__COLLECTED DATA__:
•••

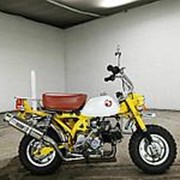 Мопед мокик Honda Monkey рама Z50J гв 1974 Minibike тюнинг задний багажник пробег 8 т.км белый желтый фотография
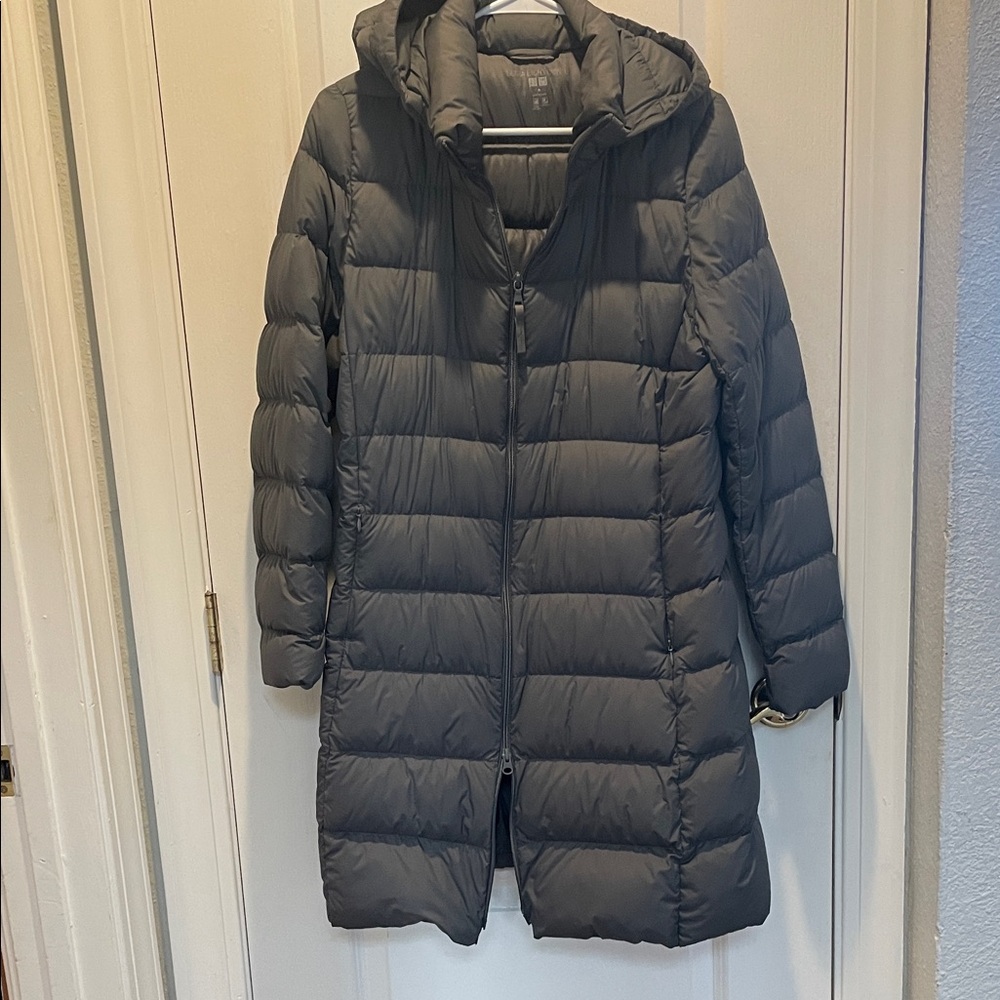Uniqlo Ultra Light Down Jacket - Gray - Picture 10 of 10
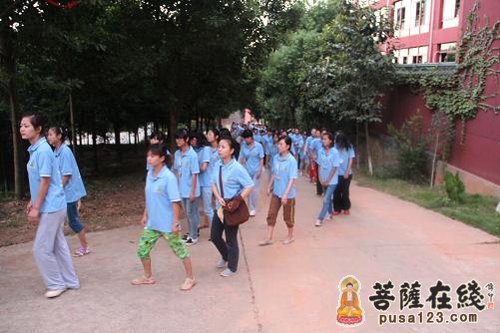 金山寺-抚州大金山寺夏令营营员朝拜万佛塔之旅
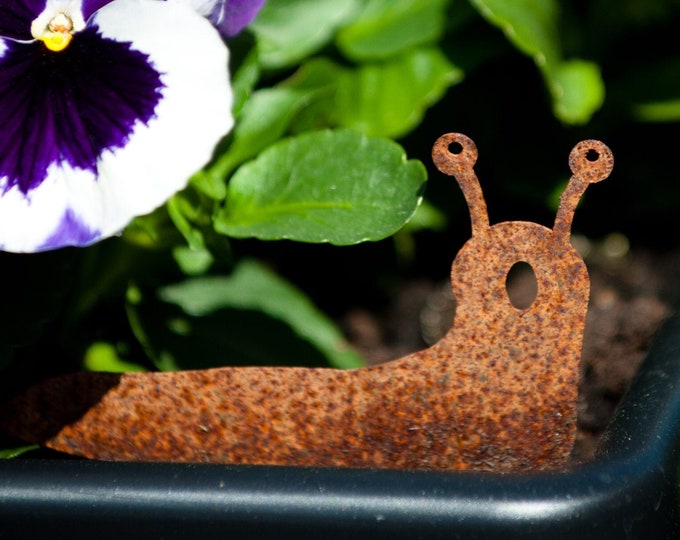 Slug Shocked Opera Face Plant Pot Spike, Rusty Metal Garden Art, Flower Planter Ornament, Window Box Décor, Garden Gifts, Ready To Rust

•••

__WHAT TO DO__:
Your copy should hold only the lines from the one containing "金山寺-抚州大金山寺夏令营营员朝拜万佛塔之旅" through the last line of the listing, both included, retyped exactly and free of pictures.

__ANSWER SECTION__:
 金山寺-抚州大金山寺夏令营营员朝拜万佛塔之旅
 Slug Shocked Opera Face Plant Pot Spike, Rusty Metal Garden Art, Flower Planter Ornament, Window Box Décor, Garden Gifts, Ready To Rust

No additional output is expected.